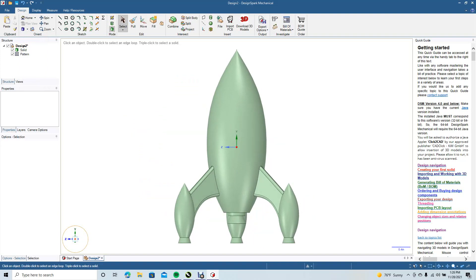Spin it around — there's our little rocket! That'll end the tutorial. Hopefully you found something useful out of this, and if you did go ahead and hit the Like and Subscribe button. If you happen to have a 3D printer, go ahead and save this out as an STL file and print it out for your desk. Thank you for watching.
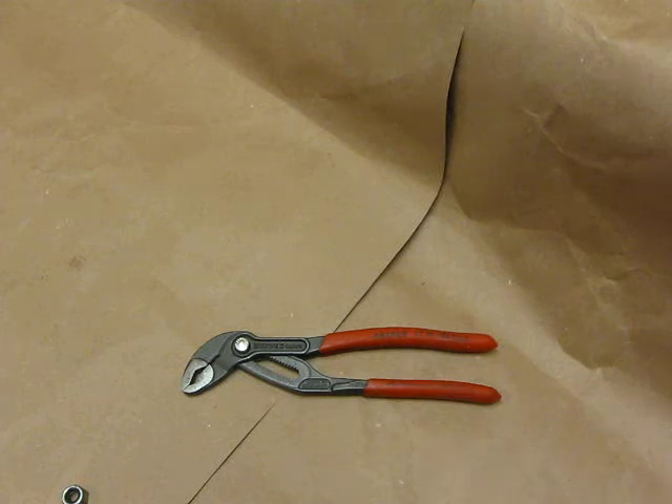Hello, this is Mr. Mike and welcome to another No BS Tool Review. Today we have the Knipex Model 8701-180 Cobra Pliers. I'm measuring them at 185 millimeters long, which equals 7.25 inches.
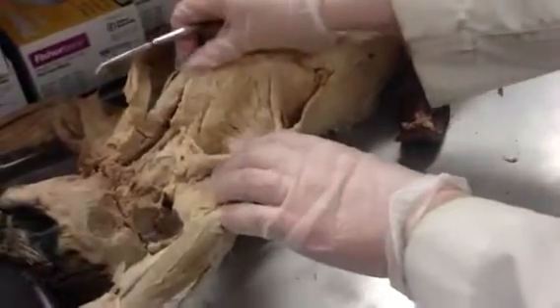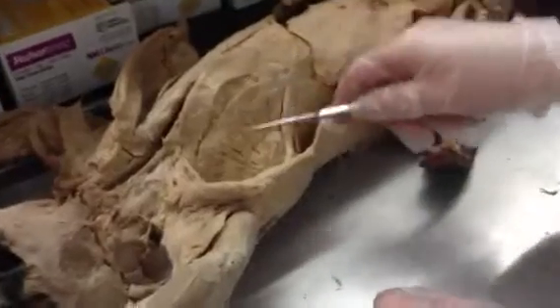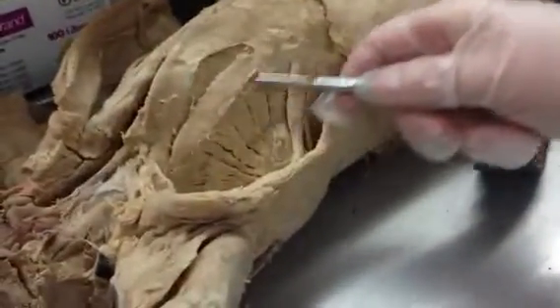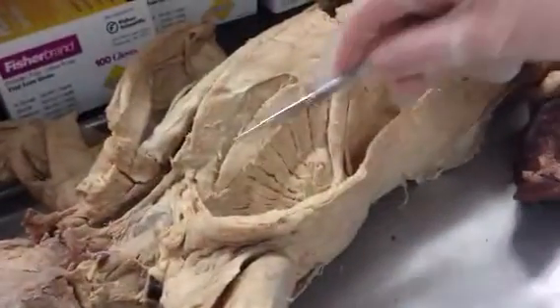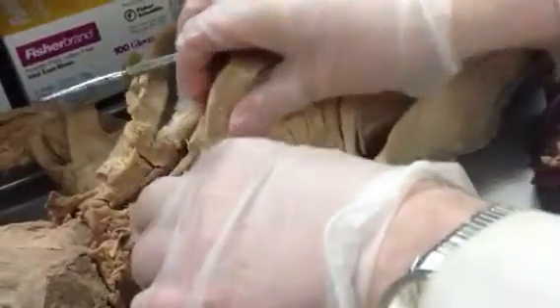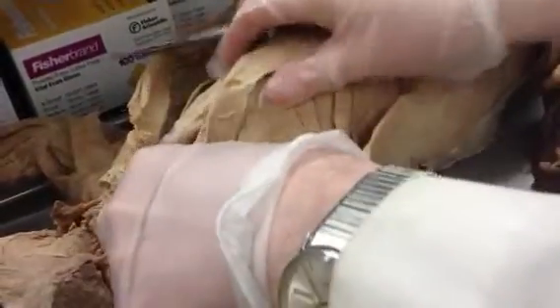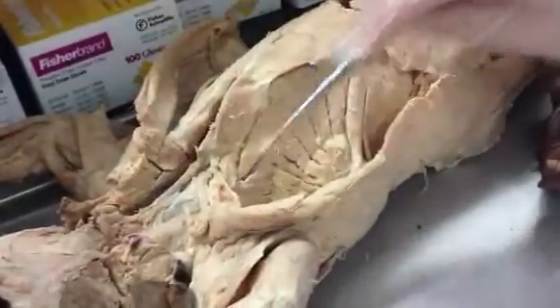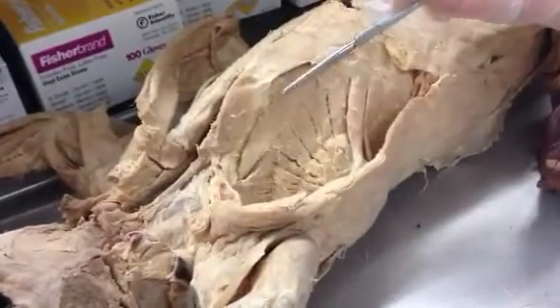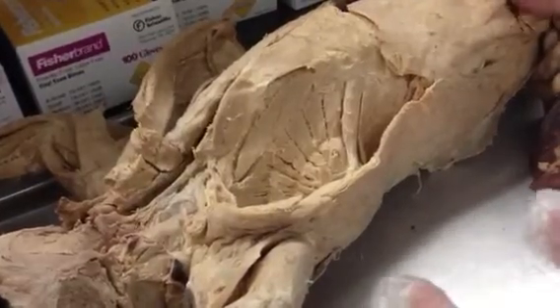And then here you can see part of what we call the arrow — the scalenus muscles. The middle part of the arrow is called the scalenus medius. The part towards the belly is called the scalenus anterior. And the part towards the back of the cat is called the scalenus posterior. When these three scalenus muscles come together, one, two, three, that's called the scalenus group.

- _The problem_: All that is wanted is each line, word for word, from the first line of the data to the one holding "Hello, this is", with the pictures left out.

- _Worked solution_:
Spin it around — there's our little rocket! That'll end the tutorial. Hopefully you found something useful out of this, and if you did go ahead and hit the Like and Subscribe button. If you happen to have a 3D printer, go ahead and save this out as an STL file and print it out for your desk. Thank you for watching.
Hello, this is Mr. Mike and welcome to another No BS Tool Review. Today we have the Knipex Model 8701-180 Cobra Pliers. I'm measuring them at 185 millimeters long, which equals 7.25 inches.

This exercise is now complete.